The evolution of a country and its aeronautical sector have historically gone hand in hand. Many nations have used their national airline as a tool for their geopolitical and economic interests. A clear case of this strategy is Singapore Airlines, born 50 years ago and key in the consolidation of a small South East Asian state on the international scene.

Although its history dates back to a tiny regional airline company in the late 1940s, the airline was born in its current structure in 1972 when it spun off a joint venture with neighboring Malaysia: MSA or Malaysia–Singapore Airlines. The Government of Singapore saw that together with that of Kuala Lumpur it could not extend its air network and created its own company. This immediately became an important air actor in Asia and as a test it bought a symbolic plane: the Boeing 747, the best of the moment. Another fundamental point was the care of the image and its service on board. It was a matter of national pride to become one of the most appreciated and prestigious operators in Asia, to later consolidate its lines in other markets, such as Europe and Australia.

Anecdotally, Singapore was one of only three companies in the world to have had a Concorde painted in its colors since 1977, co-operating one of British Airways' supersonics for the London-Singapore express line with a stopover in Bahrain. Commercially it was not a success, although it was a brilliant marketing operation that made Singapore and its airline shine at a time when it was also opening up to the United States. Then came the expansion to Africa in the 1990s and later a long aspiration was fulfilled: direct flights with the United States. First California and then New York, high-income links that are strategic for the country's economy.

Each destination of its network and each plane that is incorporated, as was the case of the Airbus A380, of which it was the first operator, is studied to the millimeter for the benefit of the interests of a city-state that does not reach 750 square kilometers and where 5.5 million people live. The country is host to the Asia Pacific Economic Cooperation Forum. According to the World Bank, its economy is the most business-friendly; Transparency International considers it the third least corrupt country, and the World Economic Forum indicates that it is the most open in the world. Along with international trade and finance, one of the local locomotives is the sovereign wealth fund Temasek Holdings, an investor in strategic companies such as the airline, of which it currently owns 22.15%.

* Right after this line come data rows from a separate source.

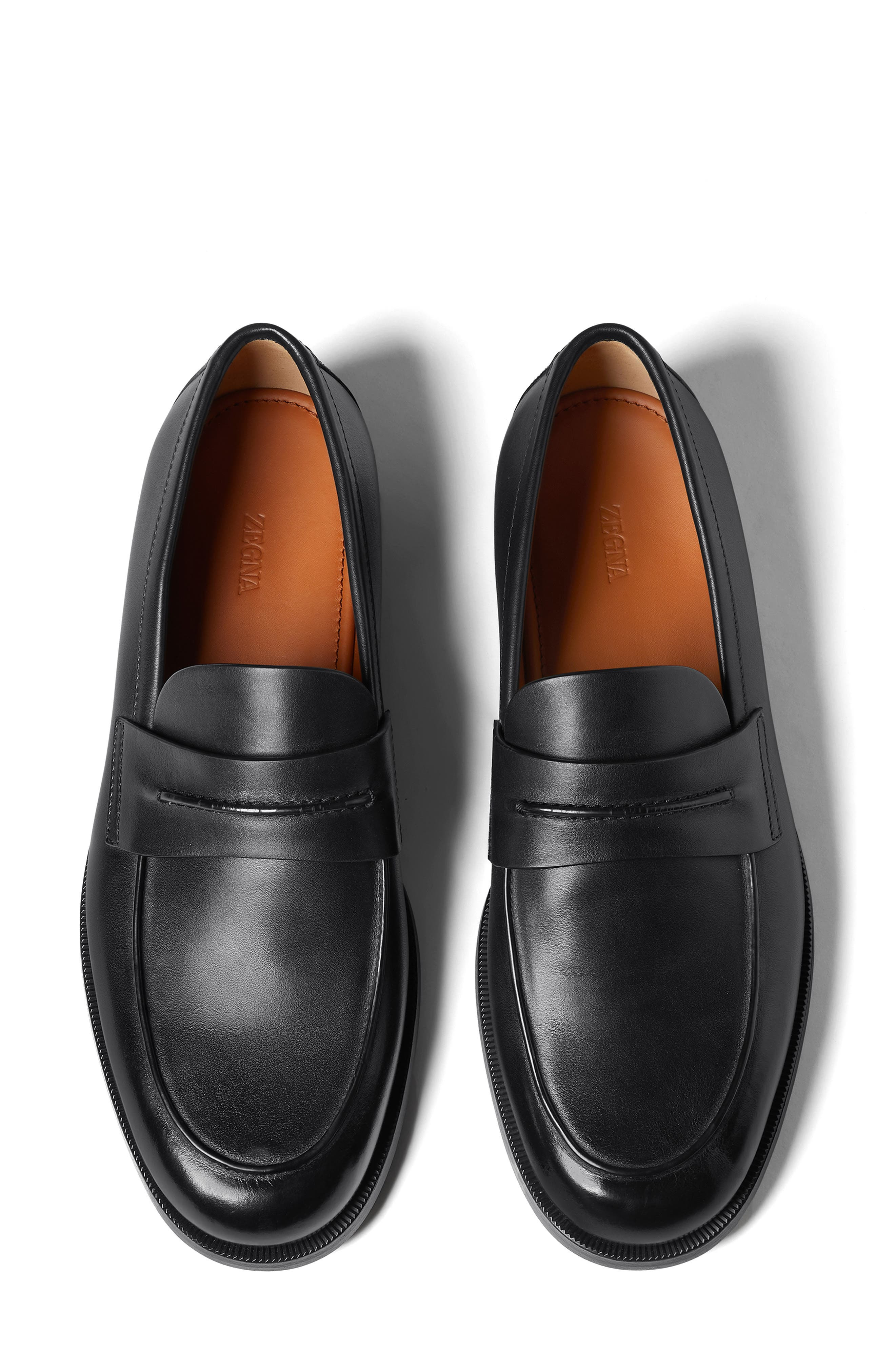 ZEGNA Leather Driving Loafer in Black at Nordstrom - 4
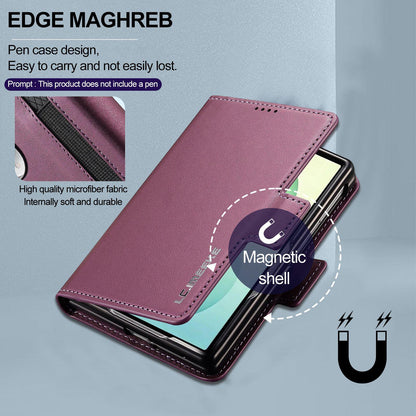 For Galaxy Z Fold8 5G LC.IMEEKE L1 Series Frosted Fine Texture PU Phone Case with Pen Slot, Pen Not Included(Purple)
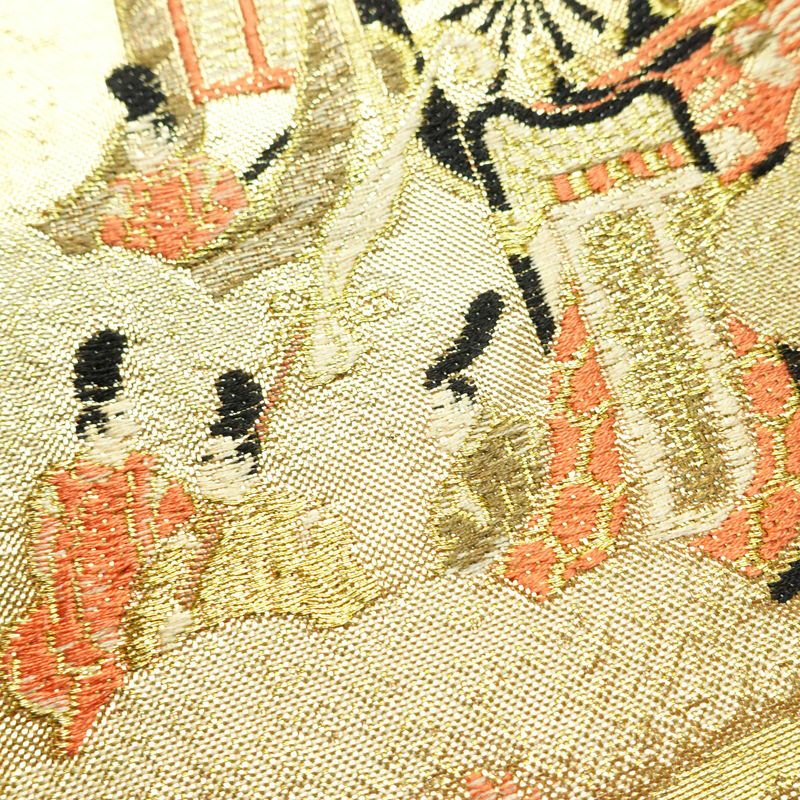 袋帯 六通柄 フォーマル用 正絹 古典柄 箔 金糸 帯 金・銀_画像5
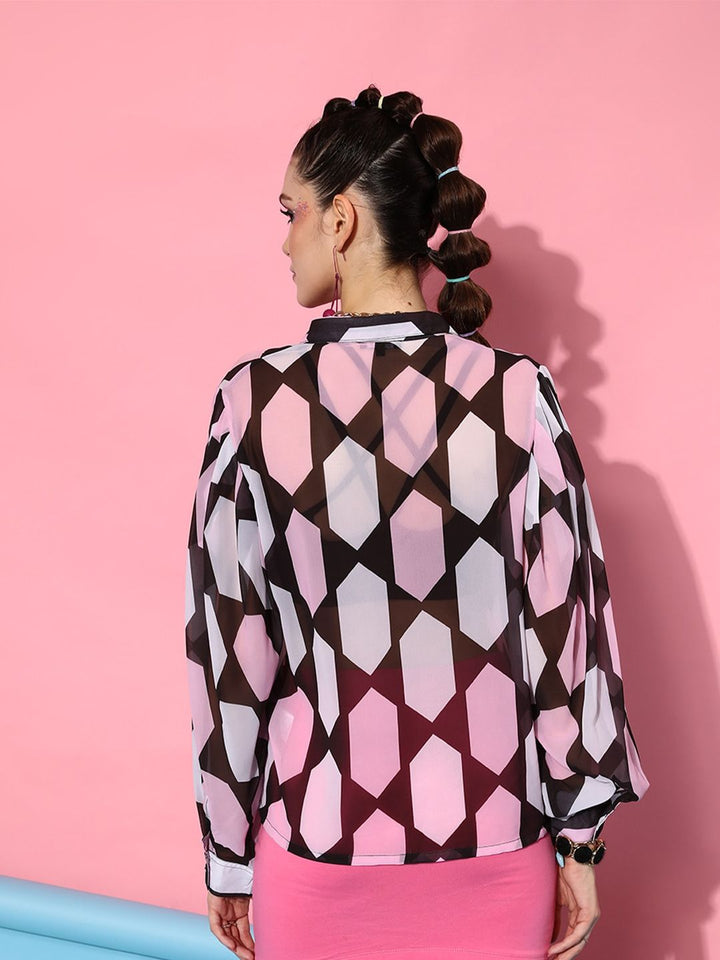 STREET 9 Women Black & Pink Sheer Geometric Printed Casual Shirt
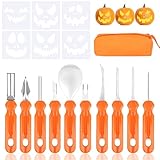 OdiuK Kürbis Schnitzset, 10 Stück Kürbis Schnitzen mit 6 Schnitzvorlagen...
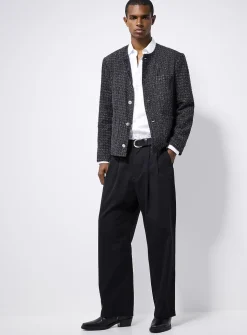 Pleated wide-leg chinos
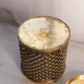 Medium Brass Lidded Cylinder Canister with Cutout Design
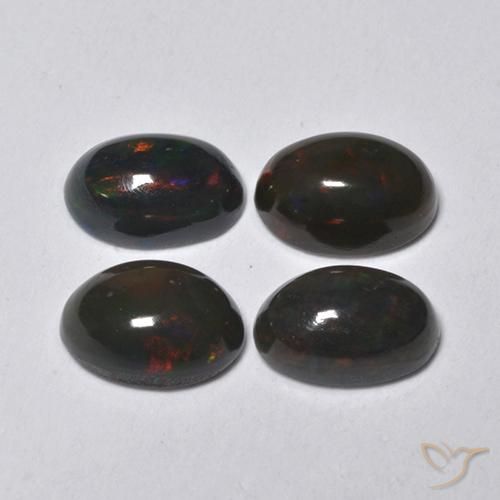 1.26ctw Natürlicher Mehrfarbig Schwarzer Opal, Oval, Lichtdurchlässig
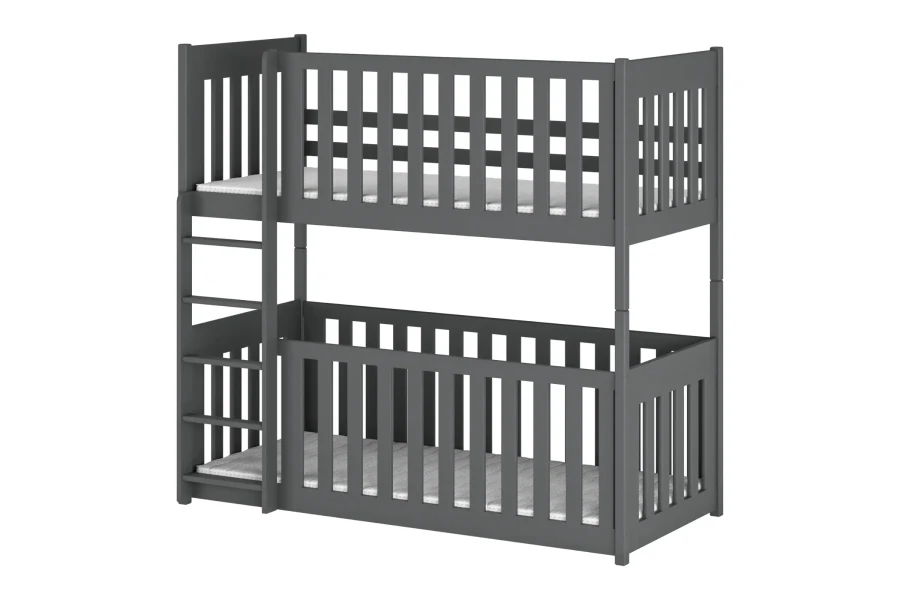 Stabiel stapelbed in grafietgrijs met ladder en hoge uitvalbeveiliging op beide niveaus, modern design.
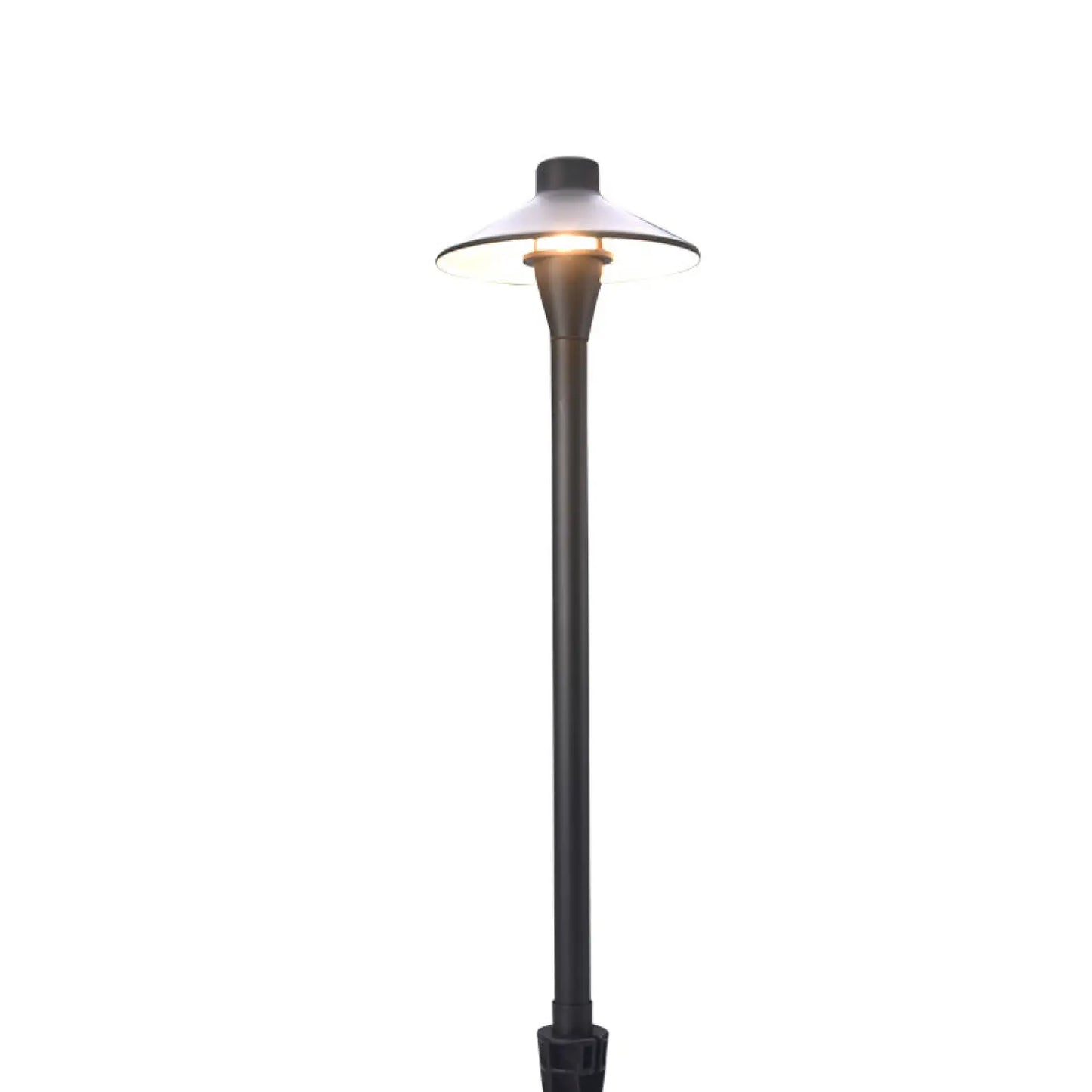 Mässing utomhus gångbelysning med flat hatt, G4-sockel och 72" ledningskabel
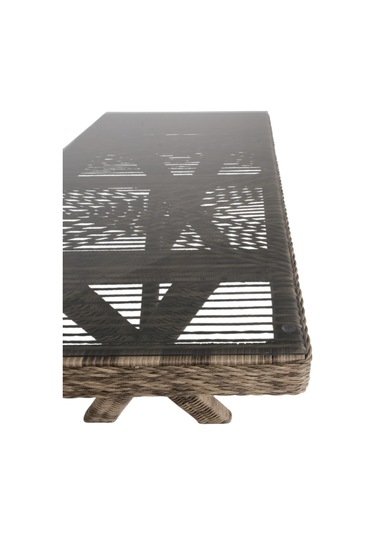 Bossa Rattan Bahçe Masa Takımı 100x200 6 Kişilik Bahçe Mobilyası Gri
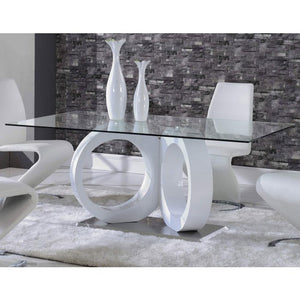 White tone Geometrical style base with Rectangular Glass top Dining Table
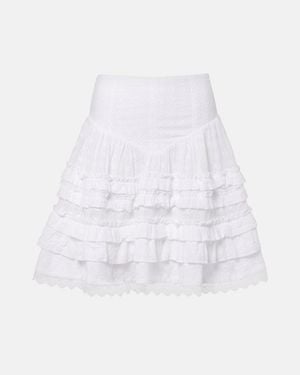 Ganni Mini-Jupe En Coton A Volants Superposes - Blanc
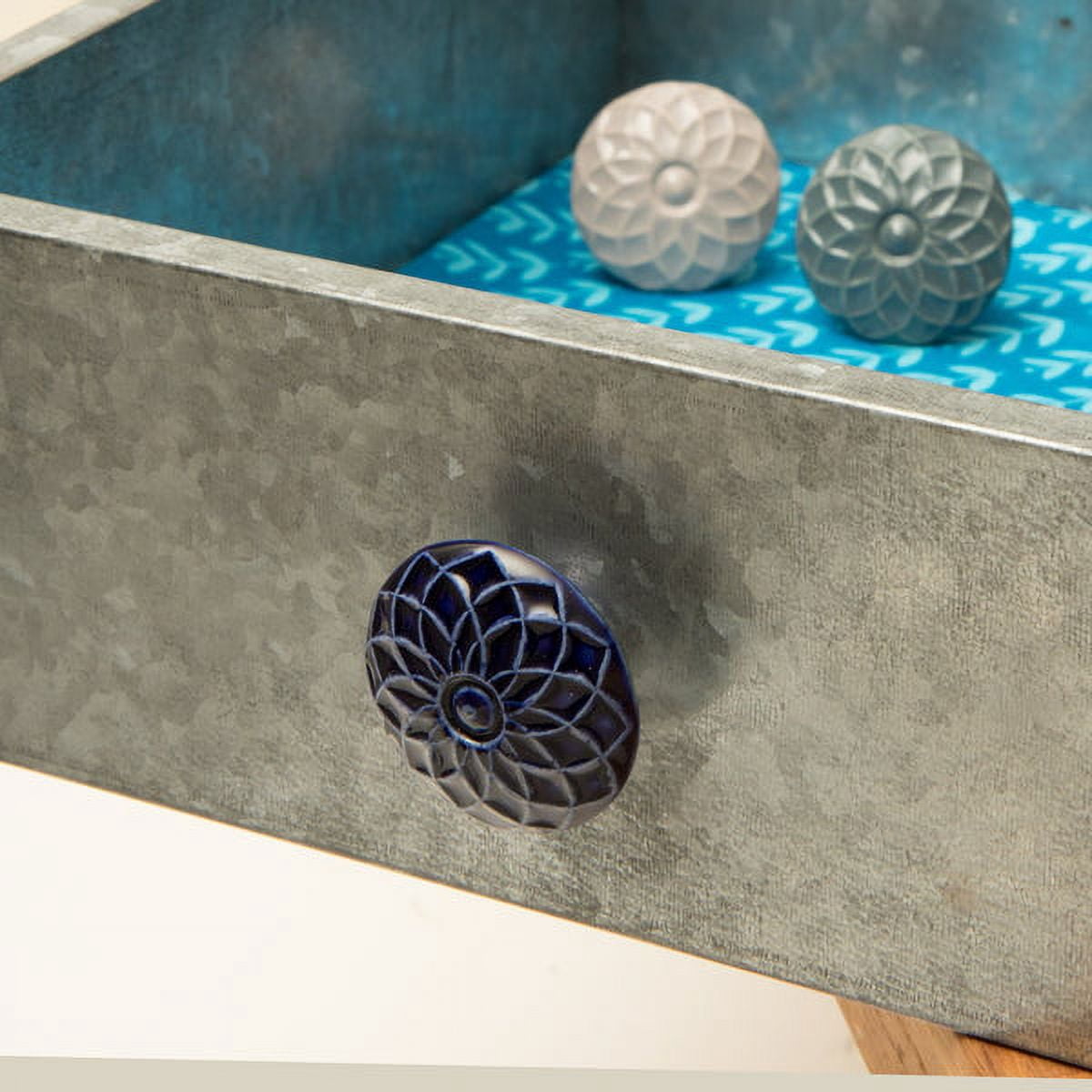 Set of Six Ceramic Beatriz Dark Blue Cabinet Knobs by Trinca-Ferro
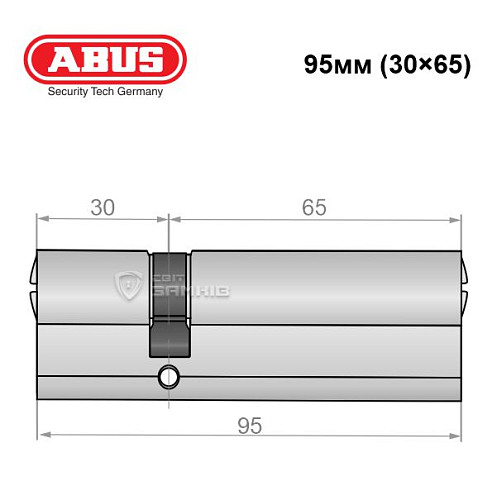 Цилиндр ABUS X12R 95 (30*65) никель сатин - Фото №5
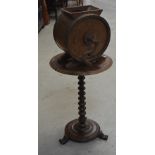 A 19th century circular occasional table on bobbin-turned column, diameter 48cm (af),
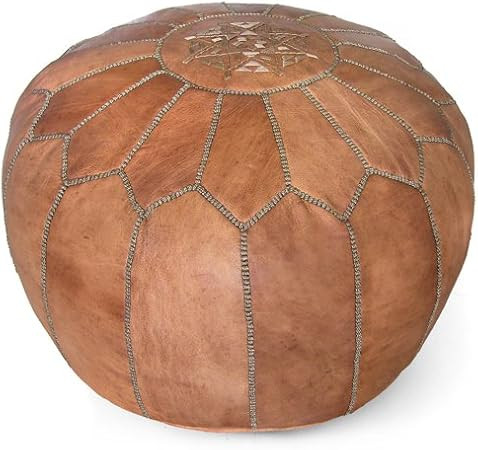 IKRAM DESIGN Moroccan Pouf, Dark Tan, 20-Inch by 13-Inch | Amazon (US)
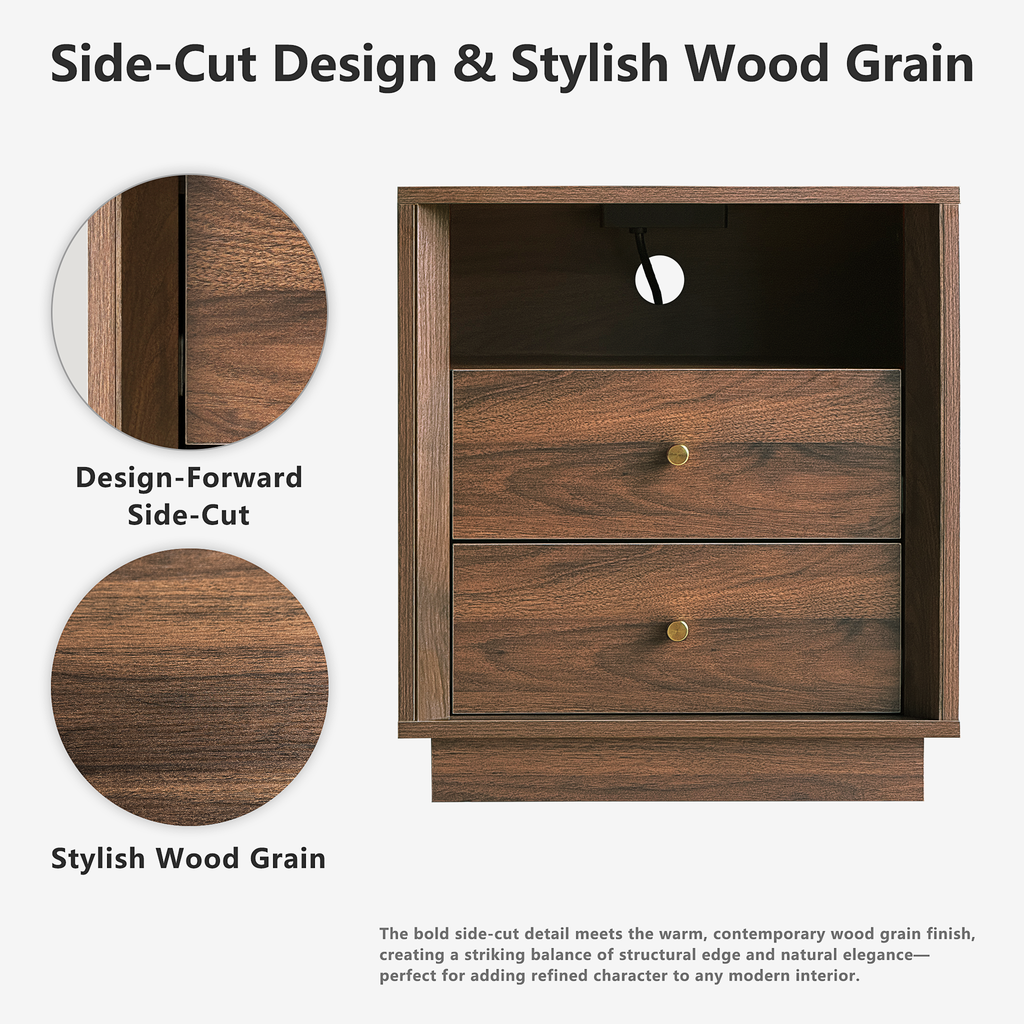19.6" Nightstand with Charging Station, Walnut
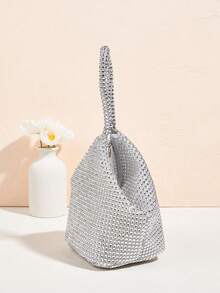 Bolso cubo de negocios casual ligero con decoración de rhinestones, diseño de cordón, embrague transparente con perlas de imitación, bolso de fiesta, encantador, elegante, bolso de rhinestones discretamente lujoso, adecuado para chicas de fiesta, damas, novias, perfecto para fiestas, galas/banquetes, vestidos de fiesta de Navidad, bolso encantador de rhinestones - Plateado - Ver 6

The health crisis, which hit all the parameters of the company, kicked in until a few months ago. For the fiscal year ending March 2022, the airline posted a net loss of €685 million. The picture has changed and in the first quarter of the current fiscal year, from March to June, operating profit was 396 million euros. The black numbers returned along with the country's economic growth and the increased demand for air travel to and from its 130 destinations.

Singapore Airlines landed in Barcelona 16 years ago after considering a dilemma: return to operating in Madrid, as it did in the early 1990s, or opt for Catalonia on its return to Spain. El Prat won and the airline added two more destinations in Europe: Milan and Barcelona, ​​as it was decided to make an intermediate stopover in the capital of Lombardy. Then the flight was direct until the pandemic forced it to be optimized by rescheduling the Italian stopover. One of the aspirations of Joan Lim, general manager of Singapore in Spain, is to resume the direct line between the two cities.